= TASK DETAILS =
Since the pictures are not wanted, copy only the text of every record exactly.

☆ ☆ ☆

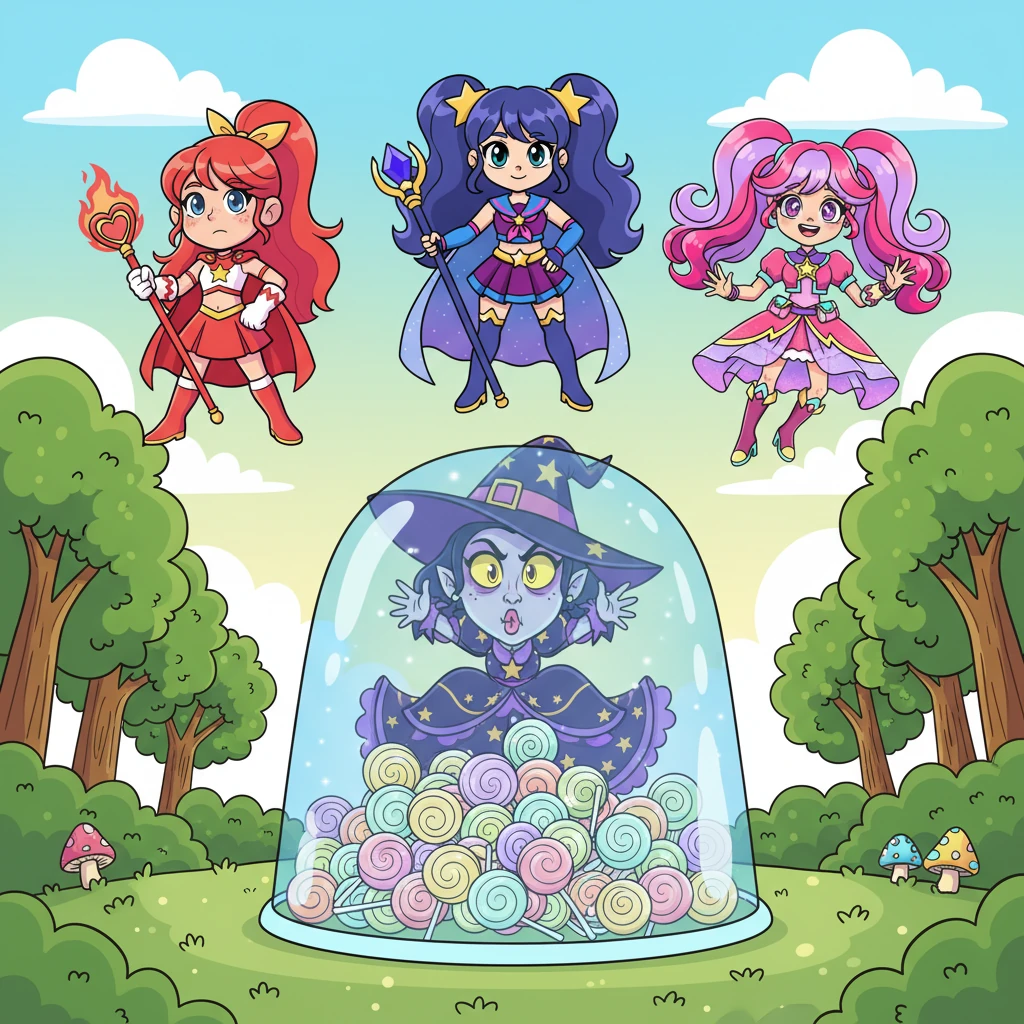 The Guardians zoomed down to a clearing where Witch Willow, a dramatic witch with big, expressive eyes, had conjured a giant, shimmering barrier around a pile of oversized, colorful lollipops. She hugged her barrier, pouting as if daring anyone to touch her sugary treasures.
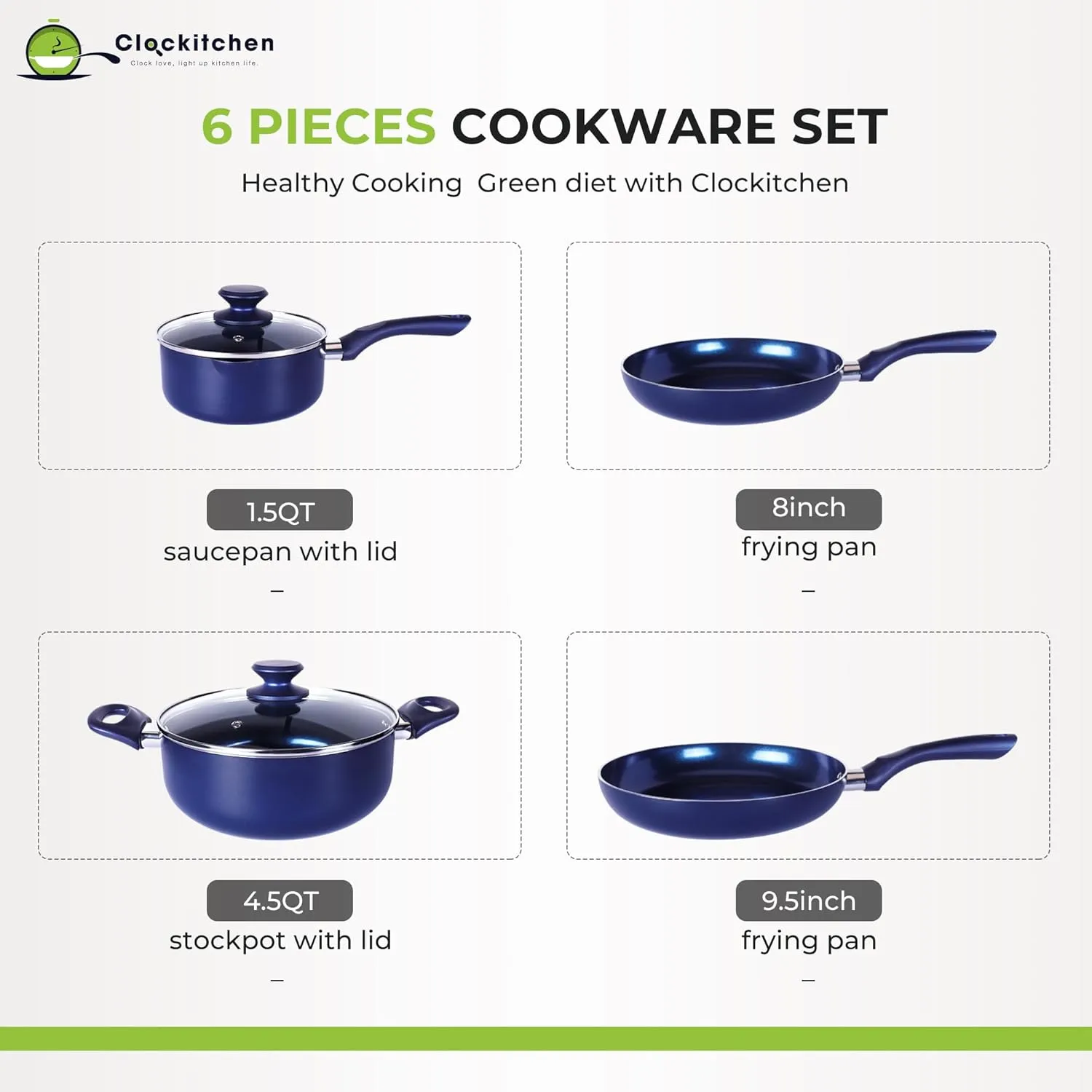 6 Pieces Pots and Pans Set,Aluminum Cookware Set, Nonstick Ceramic Coating, Fry Pan, Stockpot with Lid, Blue
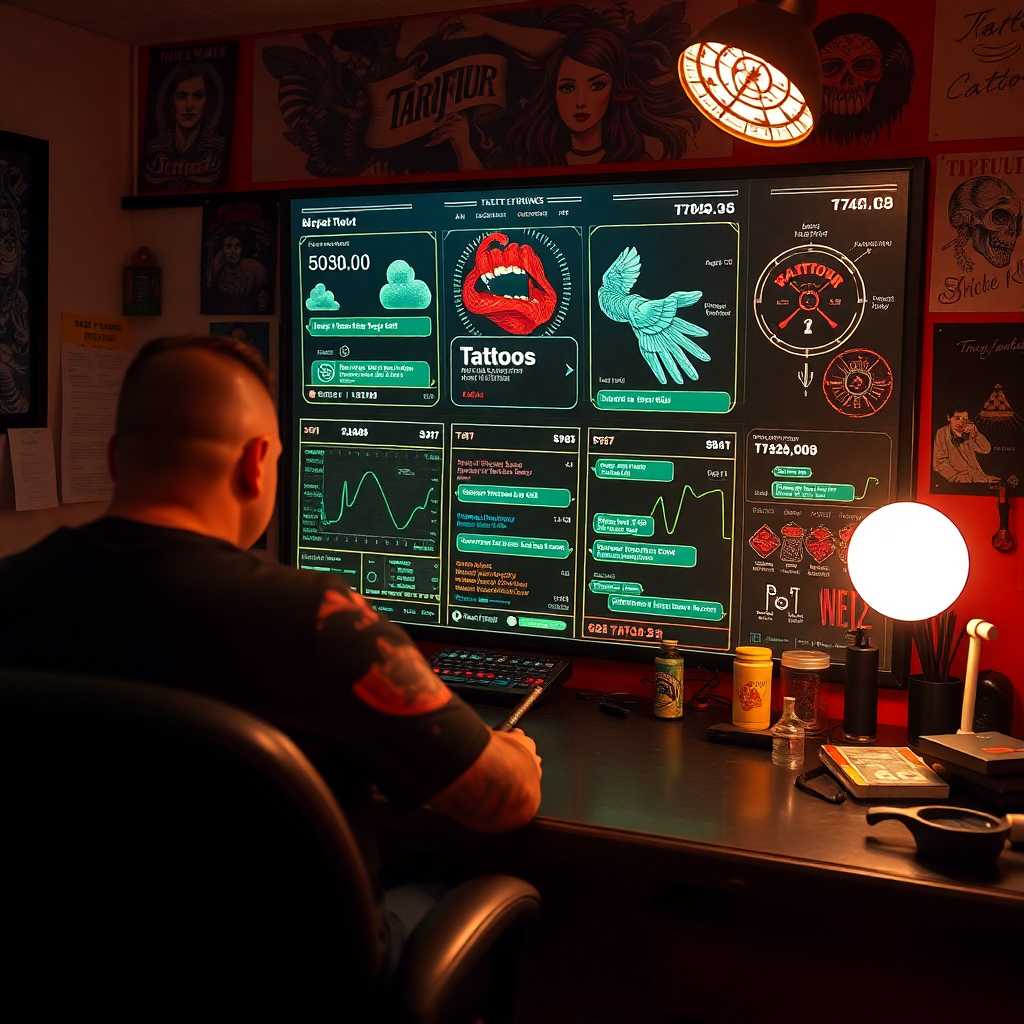 Tattoo studio dashboard with SMS interfaces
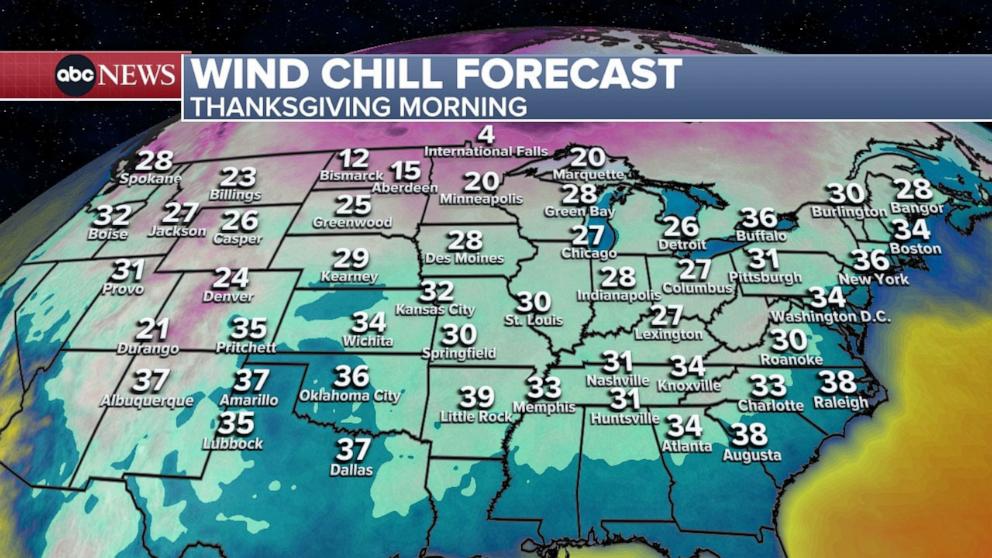 PHOTO: It will be cold around the country on Thanksgiving. Wind chills will be in the 20s and 30s for most Americans.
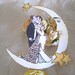 Deco Moon Wedding Cake Topper - Vintage Inspired - Featured On "Ruffled" - Outlined in Gold Glitter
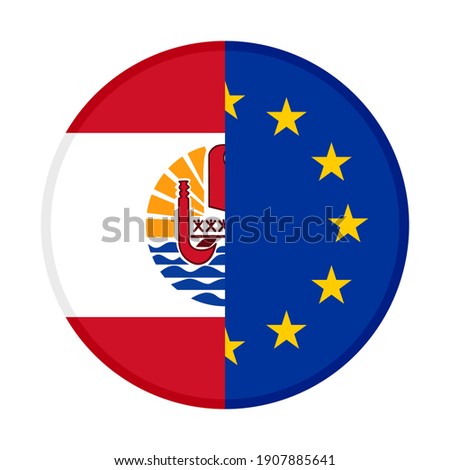 round icon with french polynesia and europe flags isolated on white background
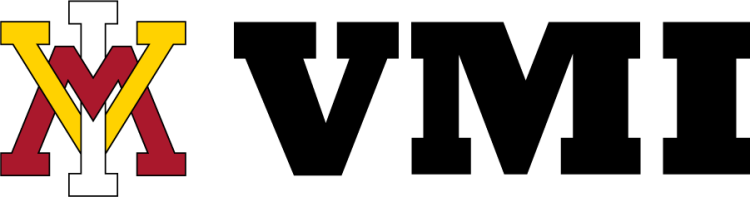 VMI Keydets Logo Secondary Logo (2016-2025) - Abbreviated Combination mark of the interlocking VMI (spider) design beside block serif VMI letters in black. SportsLogos.Net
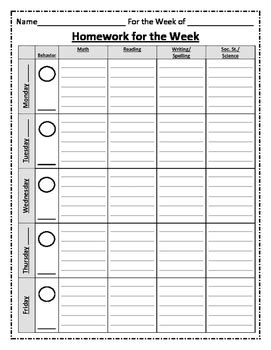 Résultat d’images pour Weekly Assignment Sheet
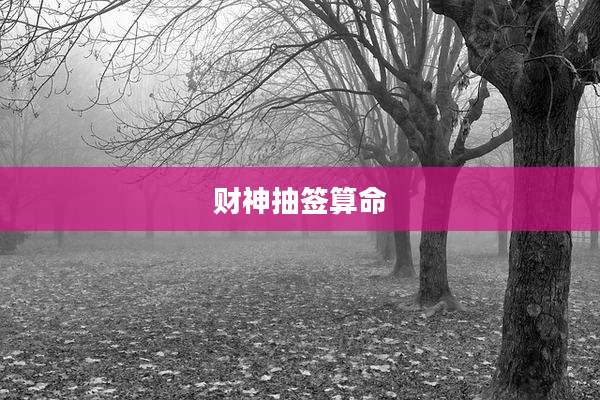 财神抽签算命
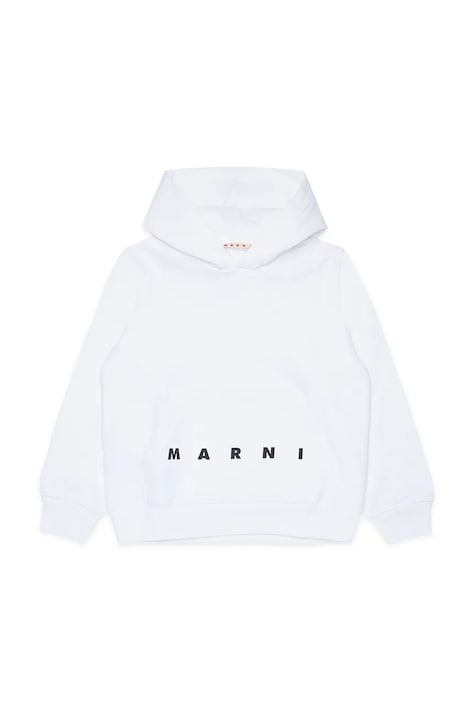 Marni bluza z kapturem dziecięca bawełniana biała M01883
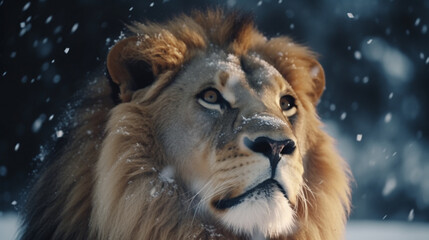 Fototapeta na wymiar Lion in the snow Generative AI 
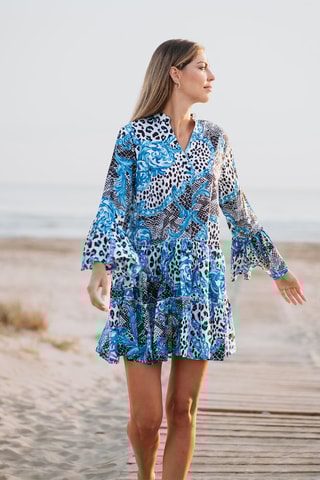 Blouse-jurk - Zwart en blauw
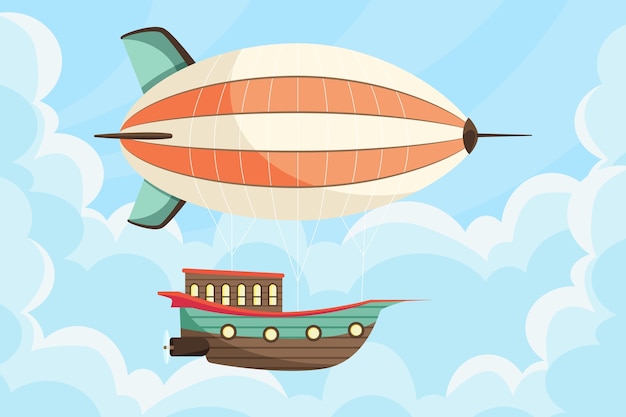 Ilustración de transporte de dirigible plano dibujado a mano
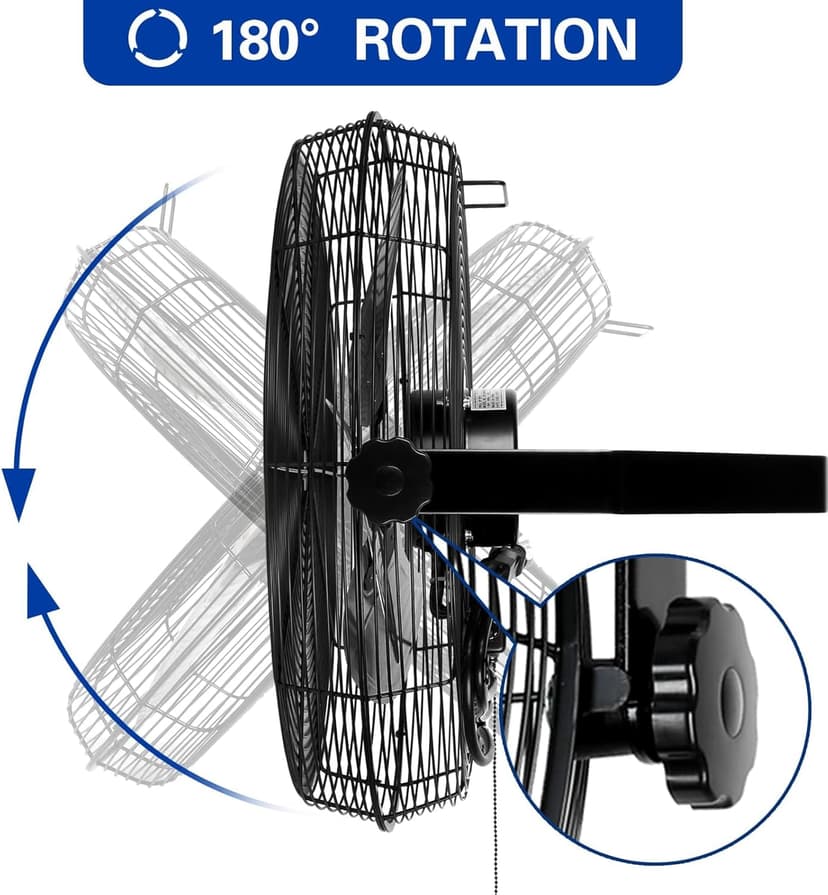 BILT HARD 4300 CFM 18 in. Industrial Wall Mount Fan, 3-Speeds High Velocity Wall Fan with Sealed Motor, Heavy Duty Metal Barn Fans for Garage, Commercial, Greenhouse, Warehouse, Shop Use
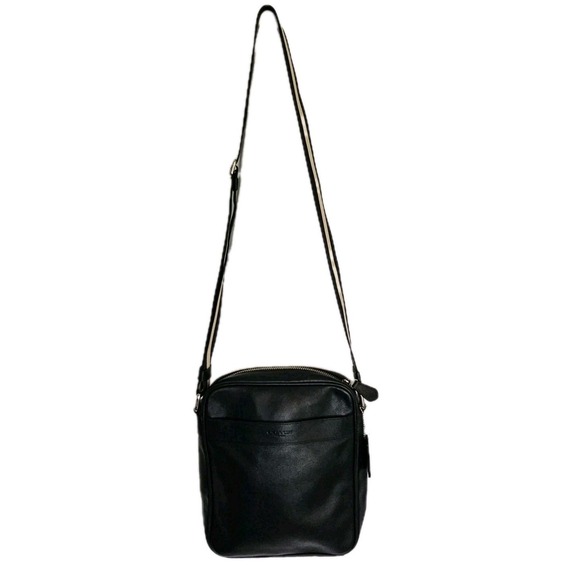 COACH Charles Leather Flight Bag Navy Blue Tan Shoulder Crossbody A1780-F54782 - Picture 1 of 16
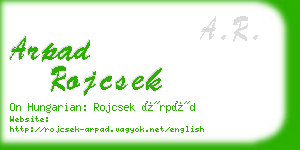 arpad rojcsek business card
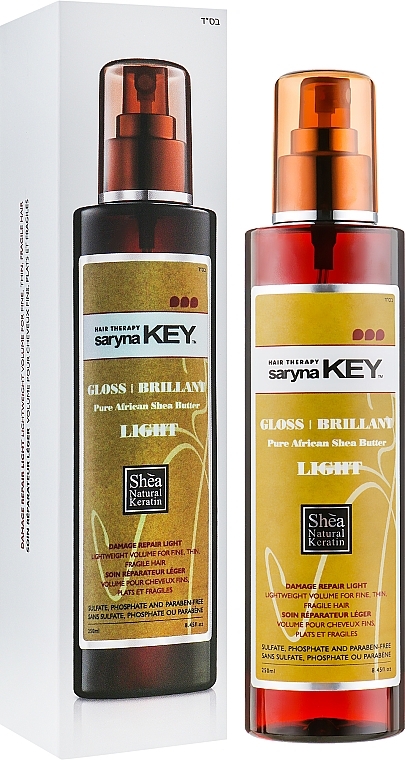 Spray nabłyszczający do włosów zniszczonych - Saryna Key Gloss Brillant Pure African Shea Butter Light — Zdjęcie N1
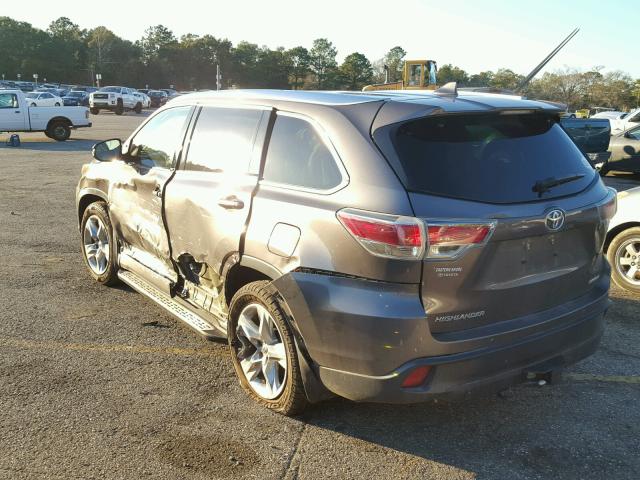 5TDYKRFH4ES004863 - 2014 TOYOTA HIGHLANDER GRAY photo 3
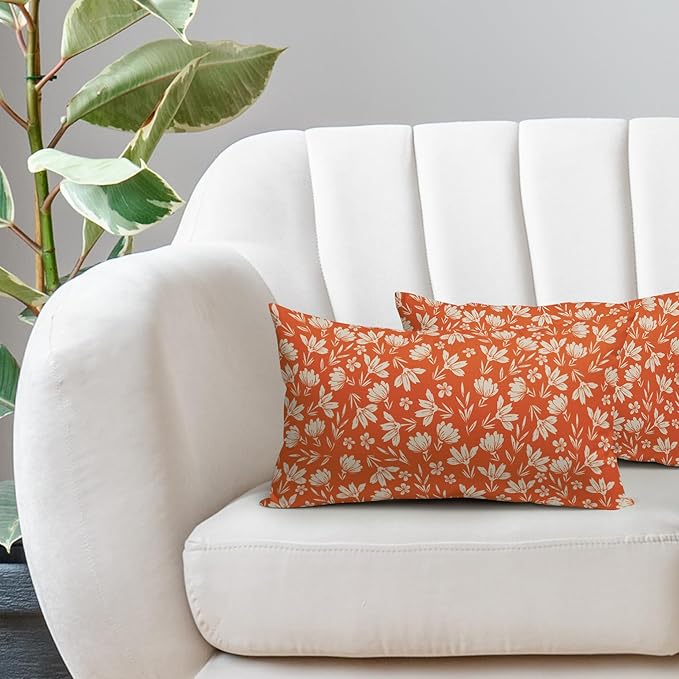 Orange Pillow Covers 12x20 Set of 2 Vintage Floral Rustic Old Style Cute Flower Print Rectangle Decorative Outdoor Pillowcases Seasonal Farmhouse Throw Cushion Case Couch Sofa Bed Decor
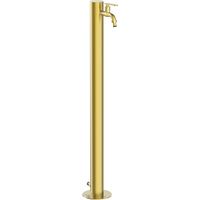Wassersäule Garten Edelstahl 304 gold gebürstet 93 cm – freistehender Garten Wasserhahn mit Schlauchanschluss, Outdoor Wasserstelle GardWell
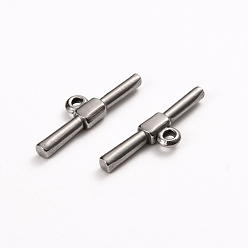 Platinum 304 Stainless Steel Toggle Clasps Parts, Bar, Stainless Steel Color, 23.5x7x3mm, Hole: 1.8mm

☆ ☆ ☆

= THE ANSWER =
 The Guardians zoomed down to a clearing where Witch Willow, a dramatic witch with big, expressive eyes, had conjured a giant, shimmering barrier around a pile of oversized, colorful lollipops. She hugged her barrier, pouting as if daring anyone to touch her sugary treasures.
 6 Pieces Pots and Pans Set,Aluminum Cookware Set, Nonstick Ceramic Coating, Fry Pan, Stockpot with Lid, Blue
 Tattoo studio dashboard with SMS interfaces
 PHOTO: It will be cold around the country on Thanksgiving. Wind chills will be in the 20s and 30s for most Americans.
 Deco Moon Wedding Cake Topper - Vintage Inspired - Featured On "Ruffled" - Outlined in Gold Glitter
 round icon with french polynesia and europe flags isolated on white background
 VMI Keydets Logo Secondary Logo (2016-2025) - Abbreviated Combination mark of the interlocking VMI (spider) design beside block serif VMI letters in black. SportsLogos.Net
 Résultat d’images pour Weekly Assignment Sheet
 财神抽签算命
 Marni bluza z kapturem dziecięca bawełniana biała M01883
 Fototapeta na wymiar Lion in the snow Generative AI 
 Blouse-jurk - Zwart en blauw
 Ilustración de transporte de dirigible plano dibujado a mano
 BILT HARD 4300 CFM 18 in. Industrial Wall Mount Fan, 3-Speeds High Velocity Wall Fan with Sealed Motor, Heavy Duty Metal Barn Fans for Garage, Commercial, Greenhouse, Warehouse, Shop Use
 COACH Charles Leather Flight Bag Navy Blue Tan Shoulder Crossbody A1780-F54782 - Picture 1 of 16
 arpad rojcsek business card
 Spray nabłyszczający do włosów zniszczonych - Saryna Key Gloss Brillant Pure African Shea Butter Light — Zdjęcie N1
 5TDYKRFH4ES004863 - 2014 TOYOTA HIGHLANDER GRAY photo 3
 Orange Pillow Covers 12x20 Set of 2 Vintage Floral Rustic Old Style Cute Flower Print Rectangle Decorative Outdoor Pillowcases Seasonal Farmhouse Throw Cushion Case Couch Sofa Bed Decor
Wassersäule Garten Edelstahl 304 gold gebürstet 93 cm – freistehender Garten Wasserhahn mit Schlauchanschluss, Outdoor Wasserstelle GardWell
 Platinum 304 Stainless Steel Toggle Clasps Parts, Bar, Stainless Steel Color, 23.5x7x3mm, Hole: 1.8mm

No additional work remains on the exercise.